3.28.2008

sun kil moon

moorestown is the song. the album--april, is here. well, actually not quite yet--but i have it and it's great.

although i did happen to notice the "genre" for it on my itunes, "sadcore," which is just a little...well, sad. very soothing though. great for a drizzly day.

3.27.2008

chazoo!

confession: i have an addiction. i can't stop. i can't help myself. i need help. i need an intervention. i need rescuing.

yes, it's true. i can't stop eating Dinos & Sharks fruit snacks! (chazoo being the brand). i mean, they are just so good! naturally and artificially flavored. made with REAL fruit juice. and seriously, they provide 100% daily value of vitamin c. so they're healthy right??? one pouch is 100 calories and 1g of fat. 22g of carbs and 13g of sugar yes, but look at all that vitamin C!!! as a dessert substitute at least, not so bad right? unless someone out there is going to tell me that they contain some sort of bone enamel or squid parts that will coat my intestines, i think i'm ok.

(this is the part where you intervene, my dear friends)

3.26.2008

hiatus

back from arkansas, among other things. sorry for the little blog break. it's over now.

"You alone are unutterable,
from the time you created all things,
that can be spoken of.
You alone are unknowable,
from the time you created all things
that can be known.
All things cry out about you;
those which speak,
and those which cannot speak.
All things honour you;
those which think,
and those which cannot think
For there is one longing, one groaning,
that all things have for you...

All things pray to you
that comprehend your plan
and offer you a silent hymn.
In you, the One, all things abide,
and all things endlessly run to you,
who are the end of all."

Gregory of Nazianzus, 329-389 AD

3.13.2008

the test

if you haven't seen this yet, it's awesome. good luck!

http://dothetest.co.uk/

3.12.2008

for tom

Mexican stand-off
–noun Informal: Sometimes Offensive.
a stalemate or impasse; a confrontation that neither side can win.

[Origin: 1890–95]

this seems to be the situation every couple months when it's dwindling. we all see it going, but who is going to be the one to break down and buy more? who will give in? who can hold out the longest? you see them shrink and disappear. finally you take to using other locations like on campus, or at a restaurant. maybe you even borrow a roll from one of these places, dropping it into your backpack behind locked doors.
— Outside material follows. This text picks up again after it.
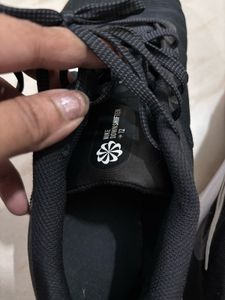price drop!!!Nike Black Running Sneakers
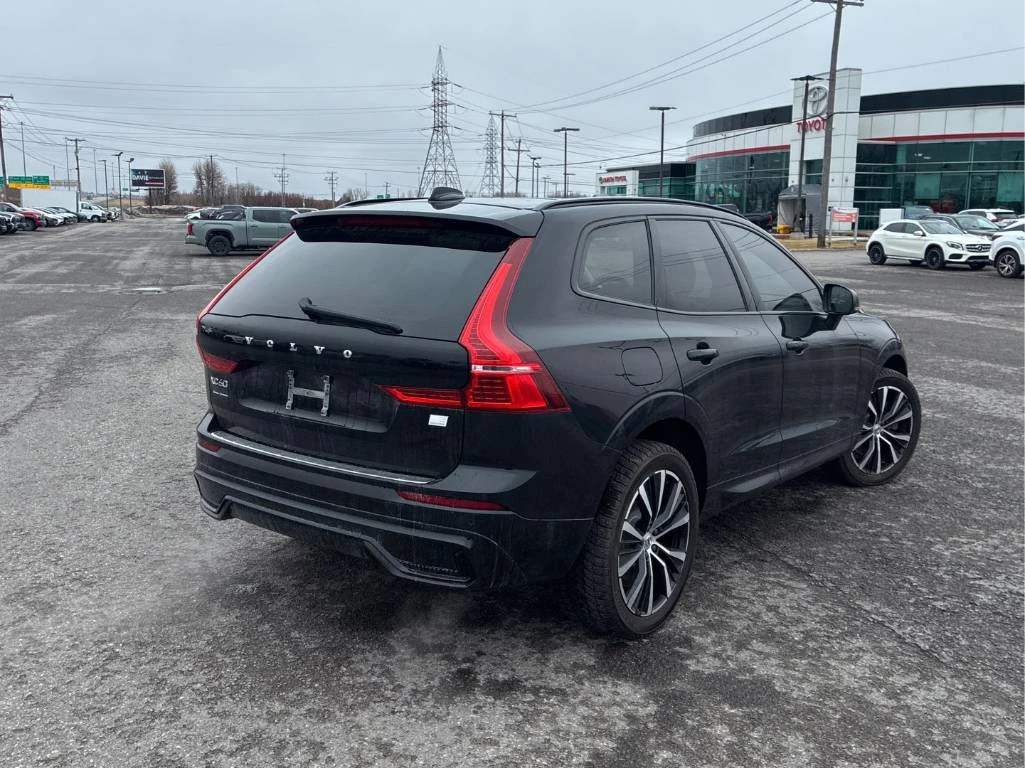 Volvo XC60 Recharge T8 eAWD PHEV Plus Dark Theme * CARFAX, снимка 4 - Автомобили и джипове - 55524463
yes, the source for toilet paper is always a point of contention. so tonight when all was gone and the need was dire, my roommate tom returned from wal-mart empty-handed. tragic. but he had won in a sense. what was to be my solution? would i have to make a late night run, enduring that knowing smile from the cashier? well good and gracious tom, he had it all figured out.

a roll of paper-towels torn in two. genius! don't you think? what ingenuity! what resourcefulness! and the results?

surprisingly ineffective.

3.10.2008

Kierkegaard

"The commandment is that you shall love, but ah, if you will understand yourself and life, then it seems that it should not need to be commanded, because to love people is the only thing worth living for, and without this love you are not really living."

Soren Kierkegaard, Works of Love

3.08.2008

10 songs

so the game is, you turn on shuffle on your itunes and play from your whole library, then list the first 10 songs that play--no cheating!

1. Suitcase -- Over the Rhine -- Ohio
2. III Courante -- Bach -- Cello Suite
3. The Man With No Skin -- Great Lake Swimmers
4. The Sporting Life -- The Decemberists -- Picaresque
5. Leif Erikson -- Interpol -- Turn on the Bright Lights
6. Baby's Clean Conscience -- Ugly Casanova -- Diggin' Holes
7. Best of Luck -- Nickel Creek -- Why Should the Fire Die?
8. Strike Me Down -- Reindeer Section -- Son of Evil Reindeer
9. Steel for Papa -- The Flashbulb -- Soundtrack to a Vacant Life
10. Friday I'm in Love -- The Cure -- Galore

there it is. play along!

ps the bonus song that i just can't help putting on:
11. Just a Friend -- Biz Markie

3.06.2008

jane austen

"Jane Austen? Why I go so far as to say that any library is a good library that does not contain a volume by Jane Austen. Even if it contains no other book."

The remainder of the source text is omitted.